How to find the greatest common divisor (c++)

How to find the greatest common divisor (c++)

When seeking the maximum convention, there are many code implementations, such as the rolling and dividing method. In addition, a better understanding method is recommended here.

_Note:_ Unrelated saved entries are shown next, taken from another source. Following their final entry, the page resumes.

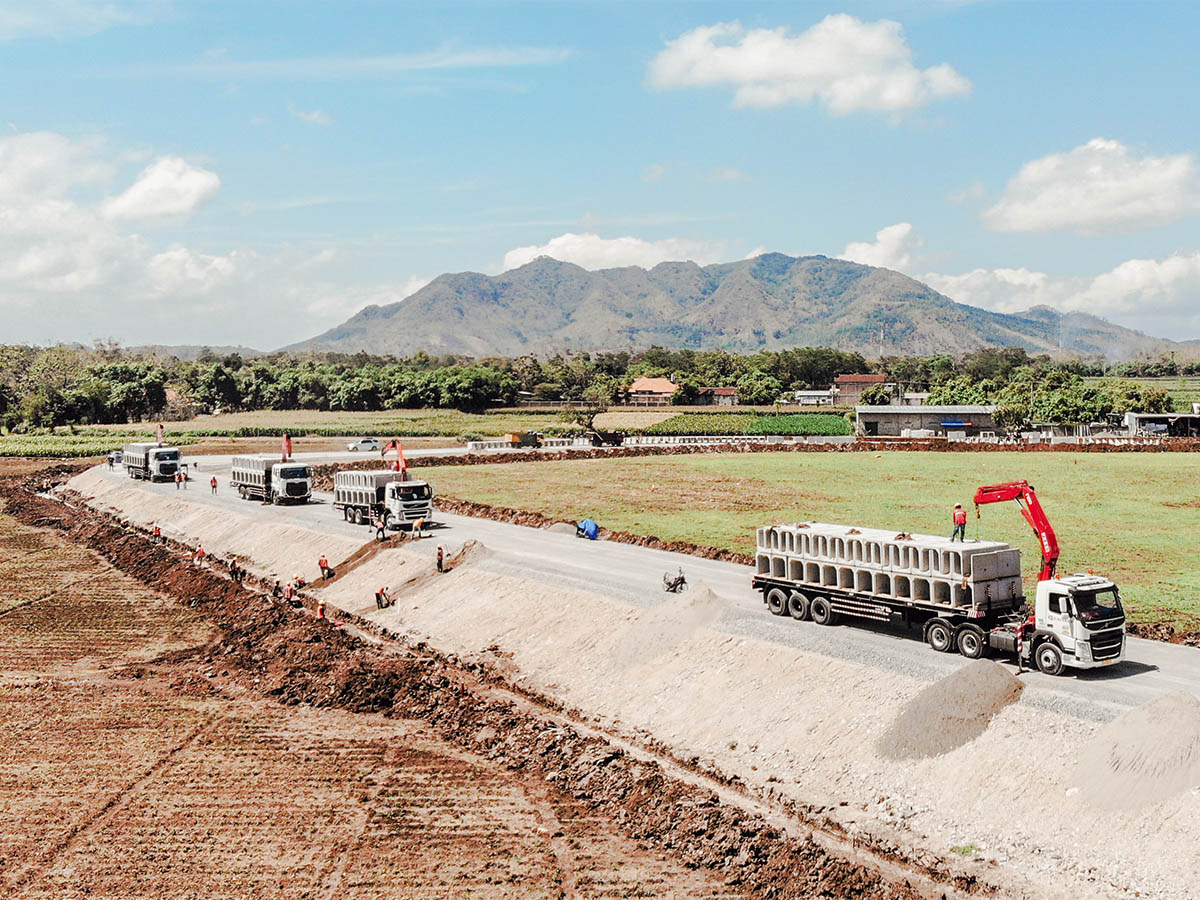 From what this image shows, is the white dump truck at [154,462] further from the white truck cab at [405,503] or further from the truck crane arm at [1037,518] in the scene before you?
the truck crane arm at [1037,518]

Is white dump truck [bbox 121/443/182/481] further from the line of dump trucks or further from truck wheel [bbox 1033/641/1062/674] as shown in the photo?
truck wheel [bbox 1033/641/1062/674]

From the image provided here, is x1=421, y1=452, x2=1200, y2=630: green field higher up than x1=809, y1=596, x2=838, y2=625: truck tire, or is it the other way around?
x1=809, y1=596, x2=838, y2=625: truck tire

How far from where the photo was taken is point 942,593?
2897cm

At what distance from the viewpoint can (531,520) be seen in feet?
194

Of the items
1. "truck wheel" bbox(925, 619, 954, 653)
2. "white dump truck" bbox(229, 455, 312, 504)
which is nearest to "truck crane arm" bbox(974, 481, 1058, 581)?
"truck wheel" bbox(925, 619, 954, 653)

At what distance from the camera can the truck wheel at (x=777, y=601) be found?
3391 centimetres

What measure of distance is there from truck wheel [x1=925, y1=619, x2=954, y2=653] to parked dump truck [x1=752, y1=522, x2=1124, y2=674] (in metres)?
0.03

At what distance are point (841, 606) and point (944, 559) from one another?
4163 mm

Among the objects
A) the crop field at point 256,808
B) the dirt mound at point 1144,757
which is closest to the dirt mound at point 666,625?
the crop field at point 256,808

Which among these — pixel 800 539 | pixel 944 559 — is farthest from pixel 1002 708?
pixel 800 539

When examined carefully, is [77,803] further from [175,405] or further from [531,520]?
[175,405]

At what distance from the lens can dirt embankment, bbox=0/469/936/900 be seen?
20.0m

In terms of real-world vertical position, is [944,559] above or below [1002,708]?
above

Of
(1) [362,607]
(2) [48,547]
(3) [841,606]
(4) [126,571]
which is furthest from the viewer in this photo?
(2) [48,547]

The following is the code implementation:

#include<iostream>
using namespace std;
int gcd(int a,int b)
{
    
    
    if(b==0)
    {
    
    
        return a;
    }
    else
    {
    
    
        return gcd(b,a%b);
    }
}
int main()
{
    
    
    int m,n;
    cin>>n>>m;
    cout<<gcd(n,m);//在devc++中有__gcd()函数可以直接调用，但是VS中没有，具体原因可以试着查查
    return 0;
}

/*
devc++中可以直接写成

#include<iostream>
using namespace std;
int main()
{
     int n,m;
     cin>>n>>m;
     cout<<__gcd(n,m)<<endl;
     return 0;
}

//你说代码简单不简单
*/

After reading the above, I don’t understand, but it doesn’t matter, there are more specifics below:

#include<iostream>
using namespace std;
int main()
{
    
    
    int n,m;
    cin>>n>>m;
    while(n!=m)
    {
    
    
        if(m>n)
        {
    
    
            m=m-n;
        }
        else
        {
    
    
           n=n-m;
        }
    }
    cout<<n<<endl;//最后得到的n、m是相等的，所以输出n、m都无所谓   
    return 0;
}

If you still want to find the greatest common multiple, it is even simpler. In fact, it is: first find the greatest common divisor of m and n, and then divide by the product of two; refer to the previous code;

Code:

#include<iostream>
using namespace std;
int main()
{
    
    
    int n,m,a,b;
    cin>>n>>m;
    a=n,b=m;//对原来的值进行保留
    while(n!=m)
    {
    
    
        if(m>n)
        {
    
    
            m=m-n;
        }
        else
        {
    
    
           n=n-m;
        }
    }
    //重点是下行代码
    cout<<a*b/n<<endl;//为了避免数据溢出可以写成a/n*b  
    return 0;
}

It is the first time to write CDSN, and some things are not done well.